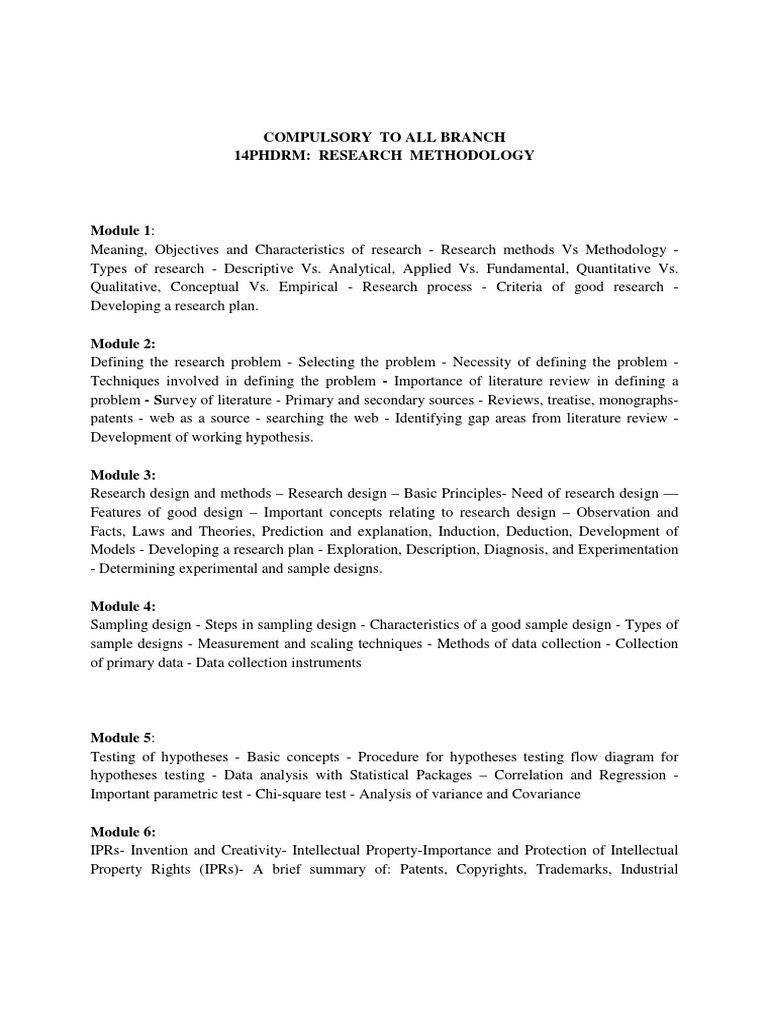 Sample research paper using experimental design image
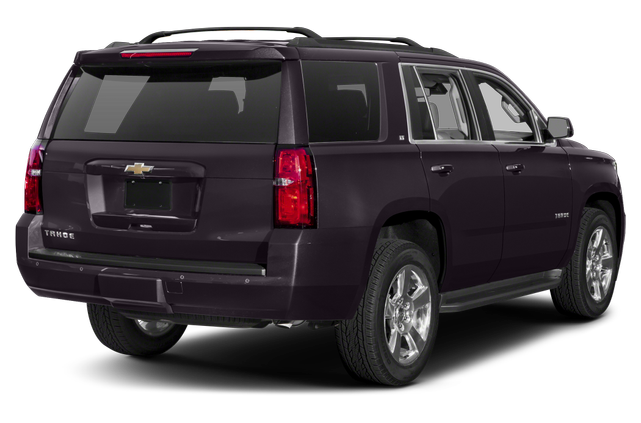 2017 Chevrolet Tahoe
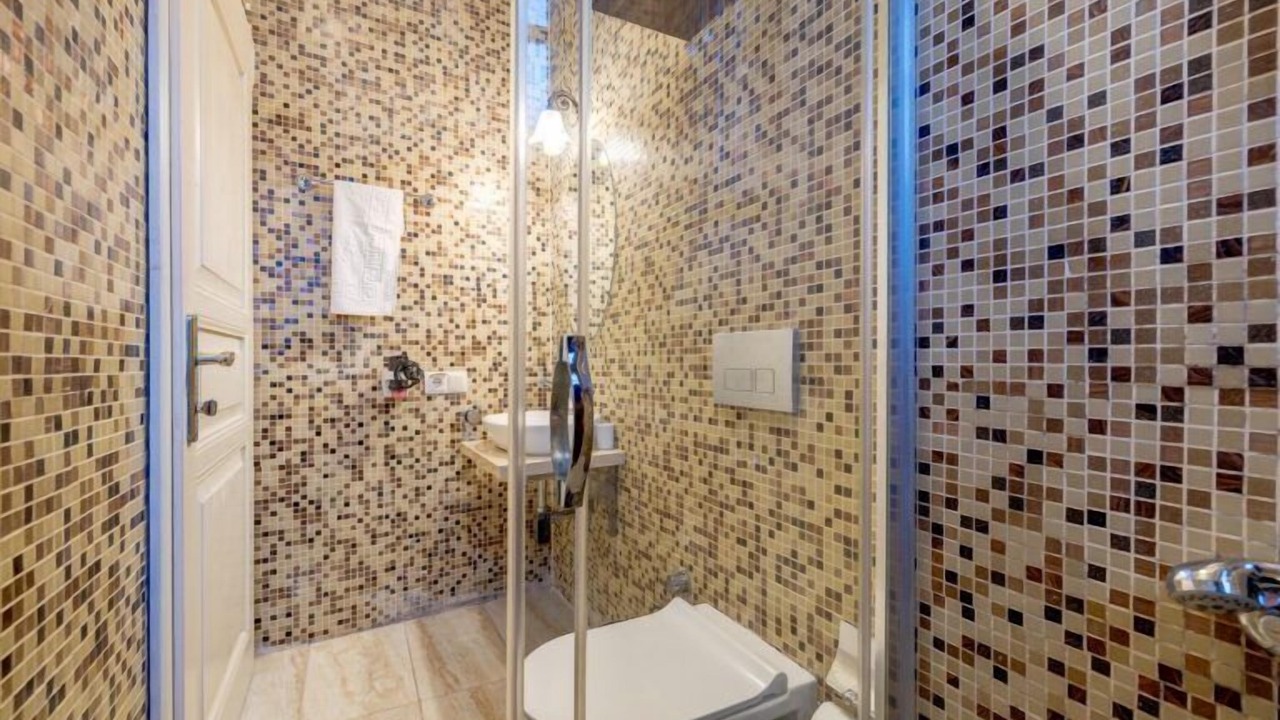 Photo of Bathroom in Ayvalik City Center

*****

● WHAT TO WORK ON: The answer is the run of lines from the one with "2017 Chevrolet Tahoe" through the final line of the data, copied exactly, and nothing else; no pictures.

● EXERCISE OUTPUT:
 2017 Chevrolet Tahoe
 Photo of Bathroom in Ayvalik City Center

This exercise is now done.